Kaka, also known in Russian as Kaakhka ("Каахка"), is a city in and capital of Kaka District, Ahal Province, Turkmenistan. It lies on the Trans-Caspian railway and the M37 highway. In 2022, it had a population of 33,315 people.

==Etymology==
The name Kaka is of obscure origin. Some local elders have attributed it to an eponymous "long-forgotten" local king, while others to the Persian onomatopoeic word قهقهه (Qahqahe) "ha-ha", a deep laugh, indicating that the area is a happy land. The current spelling of the name, Kaka, was established by parliamentary decree in April 1992.

== History ==
Timur had a fortress—of unknown antiquity—restored in 1382 during his campaigns in East Caspian lands, and named it "Kahkah". The ruins of the fortress command immense archaeological significance.

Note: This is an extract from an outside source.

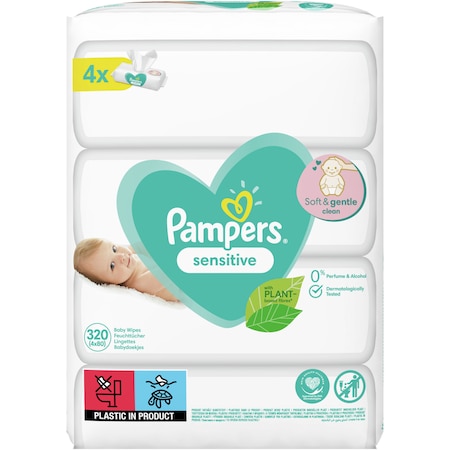 Servetele Pampers Sensitive, 320 buc, Curățare Delicată - imagine 8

The city was initially known as Kaakhka by the Russian, then renamed Ginzberg ("Гинцбeрг") from 1919 until 1927. It was renamed Kaakhka once again in 1927.

Fighting took place in Kaka between the Trans Caspian Mensheviks and the Tashkent Bolsheviks on 28 August and on 11 and 18 September 1918 during the Russian Civil War. Troops of the British India Army were involved.

== Dependencies ==
Kaka as a town has only a single dependent rural village: Hywaabat.

== Transport ==
There is a Tsarist era railway station.